SELECT * FROM table LIMIT 1;
I'm working with a table that contains 9.1M records, so this minor change speeds up the query significantly!
This is a function I use to return a field array - I've stripped out some extra stuff that, for example, allows it to work with other DBs than MySQL.
function getFieldNames($strTable, $cn) {
$aRet = array();
# Get Field Names:
$lngCountFields = 0;
$strSQL = "SELECT * FROM $strTable LIMIT 1;";
$rs = $cn->Execute($strSQL)
or die("Error in query: \n$strSQL\n" . $cn->ErrorMsg());
if (!$rs->EOF) {
for ($i = 0; $i < $rs->FieldCount(); $i++) {
$fld = $rs->FetchField($i);
$aRet[$lngCountFields] = $fld->name;
$lngCountFields++;
}
}
$rs->Close();
$rs = null;
return $aRet;
}
Edit: just to point out that, as I say, I've stripped out some extra stuff, and the EOF check is therefore no longer necessary in the above, reduced version.
I initally tried to use MetaColumnNames, but it gave differing results in VisualPHPUnit and actual site, while running from the same server, so eventually
I ended up doing something like this:
$sql = "select column_name, column_key, column_default, data_type, table_name, table_schema from information_schema.columns";
$sql .= ' where table_name="'.$table.'" and table_schema="'.$database_name.'"';
$result = $conn->Execute($sql);
while($row = $result->fetchRow()) {
$out[] = strToUpper($row['column_name']);
}
I think it should work with mysql, mssql and postgres.

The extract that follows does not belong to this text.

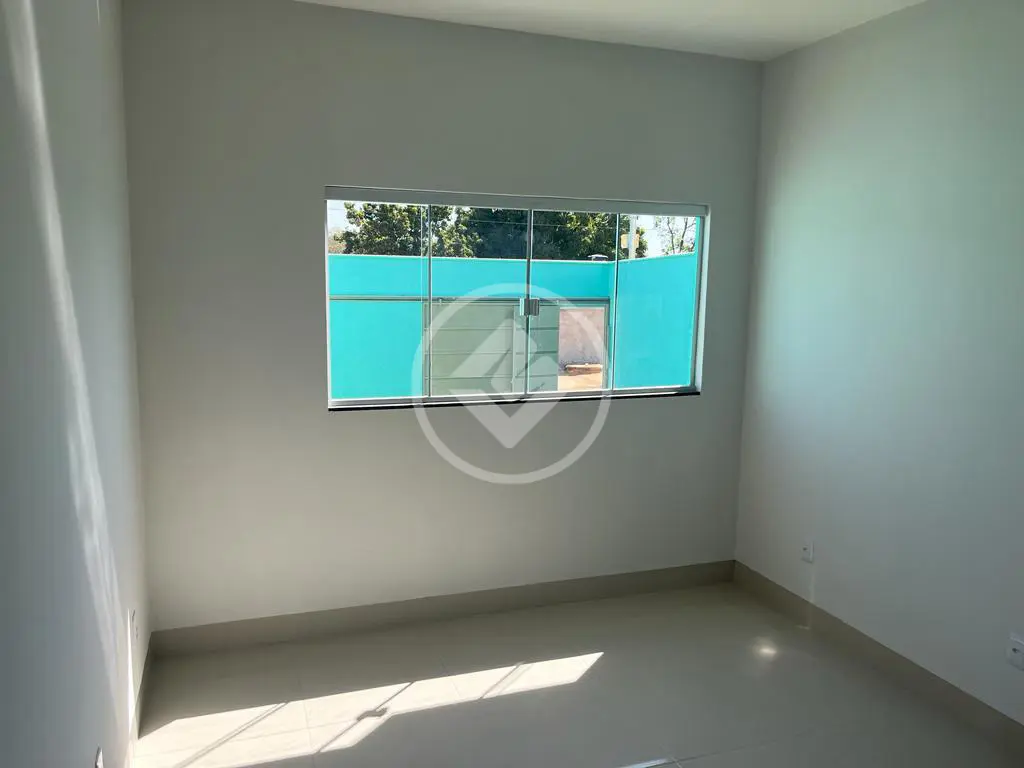 Casa Parque Ibirapuera, Aparecida de Goiânia - GO — foto 2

The benefit of doing it like this, is that you can get the column names, even if a query from a table returns an empty set.
If you need the Coloumn names even for empty tables or for joins about multiple tables use this:
$db->Execute("SELECT .......");
// FieldTypesArray - Reads ColoumnInfo from Result, even for Joins
$colInfo = $res->FieldTypesArray();
$colNames = array();
foreach($colInfo as $info) $colNames[] = $info->name;
The OP is asking for a list of fieldnames that would result of executing an sql statement stored in $query.
Using $result->fetchRow(), even with fetch mode set to associative, will return nothing if no records match the criteria set by $query. The $result->fields array would also be empty and would give no information for getting the fieldnames list.
Actually, we don't know what's inside the $query statement. Besides, setting limit to 1 may not compatible with all database drivers supported by PHP ADOdb.
Answer by Radon8472 is the right one, but the correct code could be:
$result = $db->Execute($query);
// FieldTypesArray - an array of ADOFieldObject Objects
// read from $result, even for empty sets or when
// using * as field list.
$colInfo = [];
if (is_subclass_of($result, 'ADORecordSet')){
foreach ($result->FieldTypesArray() as $info) {
$colInfo[] = $info->name;
}
}
I have the habit of checking the class name of $result, for as PHP ADOdb will return false if execution fails.